Multi-stage prompts (separated by ====) let you split coding into sequential passes. The UI does this for you. Mechanics in !1010- Auto-coding and AI coding under "Prompt sections".

Chunk and sample strategy#

If a single source is short, you can map the whole thing in one go. More often you have either much longer sources, which the app breaks into chunks for you, or many sources.

Recall and precision#

A pretty hard rule: the more text you give the model at once, the less dense its coding gets. One page might yield 20 links; 5 pages might also yield 20 links. Sometimes the 20 it picks out of 5 pages really are the most important, but this is not certain, and you are leaving the model to decide. Often you just want better recall, and that means smaller chunks. Don't give the model too much freedom to decide what counts as important.

What does it select#

Bigger chunks mean sparser coding. There is a "code everything" setting that does not each source at all: the effect depends on how long your sources are. Otherwise, work in smaller chunks. Aiming to pick up every causal claim is unrealistic, but the smaller the chunk, the more you'll catch.

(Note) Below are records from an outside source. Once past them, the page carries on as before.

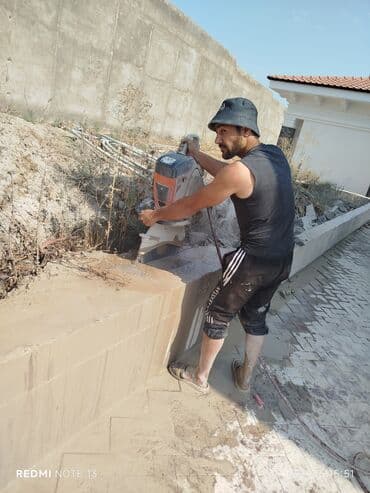 malyar işi: Səssiz tozsuz səliqəli kəsim. Beton katlavan monolit kubik — 2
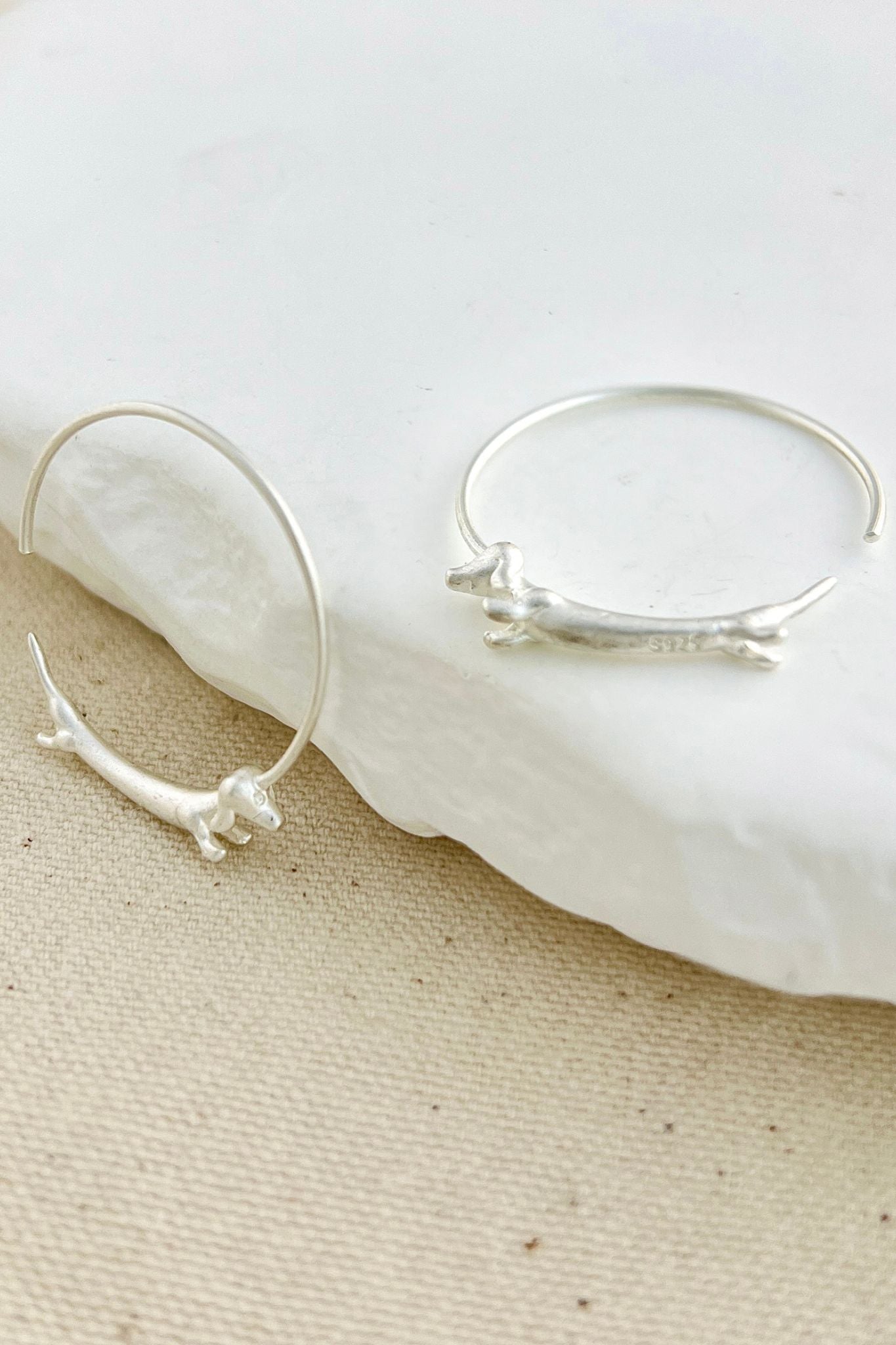 sterling-silver-sausage-dog-hoops-in-silver-closeup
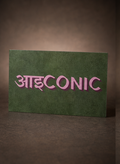 A rectangular green sign or card with the word 'AIDCONIC' in pink Devanagari-style lettering, photographed against a dark brown gradient background.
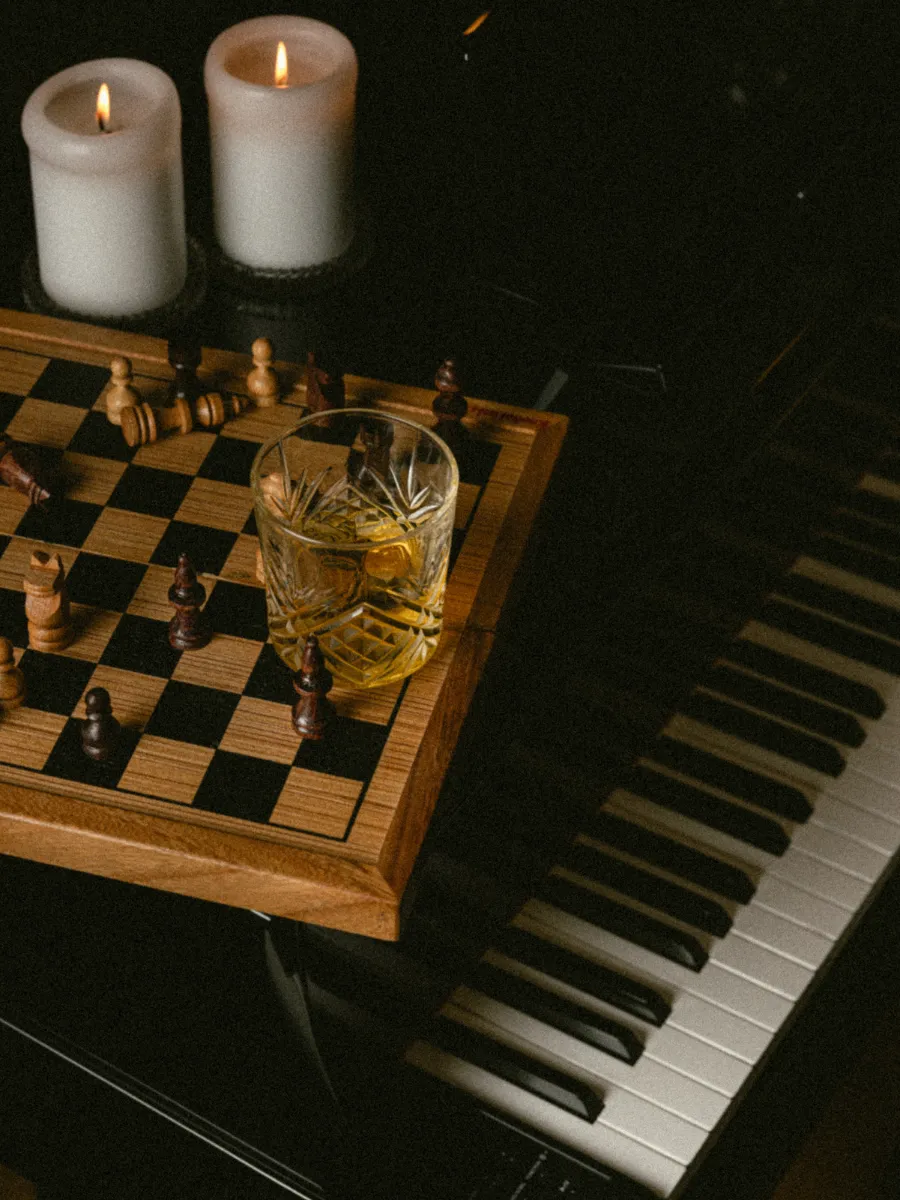 Verre de whisky posé au milieu d'un échiquier en partie, deux bougies allumées éclairant le clavier de piano en arrière-plan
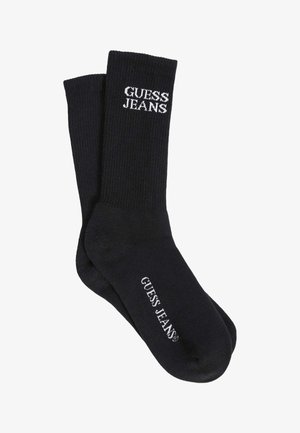 Schwarze gerippte Socken mit weißem "GUESS JEANS" Logo-Text an Bund und Fußbereich. Hergestellt aus einem glatten, dehnbaren Stoff.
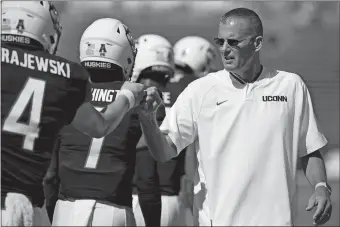  ?? JESSICA HILL/AP PHOTO ?? UConn head coach Randy Edsall bumps fists with reserve quarterbac­k Steven Krajewski during warmups prior to last Saturday’s 56-49 win over Rhode Island at Rentschler Field in East Hartford. Edsall returns to his alma mater, Syracuse, to face the unbeaten Orange today at the Carrier Dome.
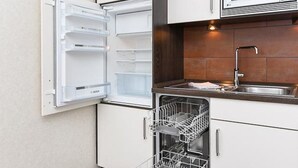 A compact kitchen with a built-in microwave, a dishwasher, and a sink. - Vacation apartment Deichkrone (Wittmund)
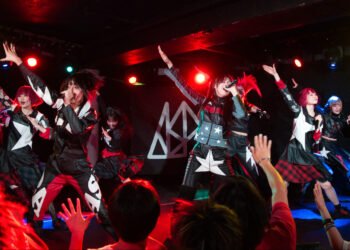 Live photo of the idol group ASP on stage, in the middle of performing a song. The stage is brightly lit with red and blue lights. They have their right arms raised while singing. The members are dressed in leather(-like) clothing, giving the idea that it is inspired by motor clothing. The clothing is mostly black but differently decorated, with red and blue stripes, white stars in different sizes, and other symbols or words. Some of them are fully dressed like that, while others have extra additions, like a tartan-style skirt. Photography by JJ Grant (wonderlens)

Iterative coding strategy with bigger corpora#

If you have more than around 100 pages, work on a sample first. The app has features to take a random sample of sources, or a stratified random sample within source groups. The AI coding panel also offers a sample-only run (see AI coding). Try the sample, review, adjust your strategy, perhaps update the codebook, then run a larger sample. With 1000 pages you might code 100, adjust, code another 300 (deleting the first attempt), and if that looks good, finish with the remaining 700.

Once the first coding run exists, the next question is how to deal with overlapping labels. See Coding and recoding — Dealing with overlapping labels.

Recoding from scratch means arriving at a clean revised codebook and then recoding everything from the beginning. That's more expensive and slower, but usually gives better results than magnetically recoded labels alone (see Coding and recoding — Dealing with overlapping labels).

  • Hard recoding: revise the codebook and code again.
  • Links recoding: use AI Answers / Links to recode links, with quote and context available.
  • Factors recoding: use AI Answers / Factors to recode factor labels directly.
  • Soft recoding: use clustering or magnetic labels as a softer recoding layer.